There’s plenty of You Tube videos demostrating just that but I’ll start by saying that RCDs are making ELFI somewhat redundant because you are not required to do one to test a circuit protected by an RCD. An actual physical test of the RCD trip is all that is required. I’m happy to provide a link for that if you require.
I never said the man in the street should be able to do electrical work. He will not have a meter to do an ELFI test, just that we should remove some of the archaic structures around these professions.
Thank you for proving that you really don't know what you are talking about, the question was never about RCD's, not all standard domestic power point circuits have RCD's the reason for EFLI is about ensuring protection devices trip in the correct time. This is the kind of skill that is learnt on the job.... the stuff apprenticeships are made of
I guess you forgot that I did say the test was *never* about RCD's, it was about how to preform a EFLI test with power and without power and what a pass result would be and what a fail result would be
Ok, I'll play the game ( haven't looked at other replies)...and give a longish answer. I don't have access to the standards (nor the time) so it will also be a general answer.

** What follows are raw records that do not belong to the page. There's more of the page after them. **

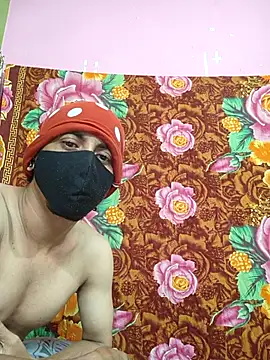 Snapshot of Seducing_couple chatting on July 8, 4:24 am Seducing couple online show from July 8, 4:24 am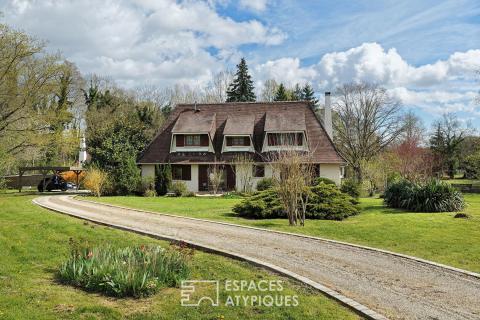 Élégante maison béarnaise et sa dépendance au coeur d&rsquo;un parc paysager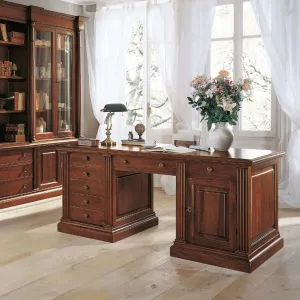 Escritorio Ejecutivo de Madera Maciza Estilo Barroco de Lujo con Múltiples Gabinetes de Almacenamiento y Base de Doble Pedestal Vista lifestyle por Luxury Group International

The NZ power system is predominately a TN-C-S system (or strictly described as a MEN-multiple earthed neutral), earth and neutral (PEN) come from the transformer as a single wire. At the distribution board the PEN goes to the earth busbar which also has a earth wire connected to an earth stake. The earth busbar is connected via a link to the neutral busbar and earth and neutral then go their separate ways in the building. Phase comes in via a single wire or three for 3-phase.
An earth loop impedance test is to ensure that the earth (and neutral) are A) actually connected and B) that the fault impedance is less than a certain value so that there is sufficient current in a fault condition that the circuit breaker will trip. That circuit is the journey from the point tested all the way through the transformer, back through the relevant return wire to the testing point.
Ze is the external impedance ie tested from the switchboard with power to the building off (and may require other earthing ie plumbing earths, to be disconnected). For TN-C-S you don't need to test N and E separately ie L to N fault as they are the same wire, for other earthing systems you may do.
Zs is the impedance at the final circuit e.g the power point. I don't now the exact details or the ohm value (again I don't have access to the standards). I assume though the meter tests the E and N paths (as they are now seperate) and uses the maximum of the two and that value would need to be less than a specified amount. This might depend on the specs of the circuit breaker as well or it might be standard.
I don't know the test for no supply available (but it is explained in the standards). I assume the impedance back to the switchboard is measured and added to a standard or general value of Ze to give an approximation. That is just a guess. This test is generally for electricians putting in new supplies where they don't yet have power.
I did do brief research basically to remember some of the terms.
Fantastic, looks like a copy and paste from a standard, some of which is incorrect for NZ. Looks like you really don't have an understanding of why a ELFI test is done, or what a pass or fail test may be.
You did say "The electrical trade, especially in regard to house installations, is intellectually trivial. You could teach anyone the basis of it in a lazy weekend."
I am thinking that you really don't know much about the electrical trade. But if you do want to learn, the domestic electrical is a good starting point.
It was my own work. It is relevant to NZ. I don’t have access to the NZ standards for some of the detail.
It is wordy but expressed as a diagram (the earthing system to distribution) it is very simple.
I seem to have got under your skin. I will refrain from further discussion.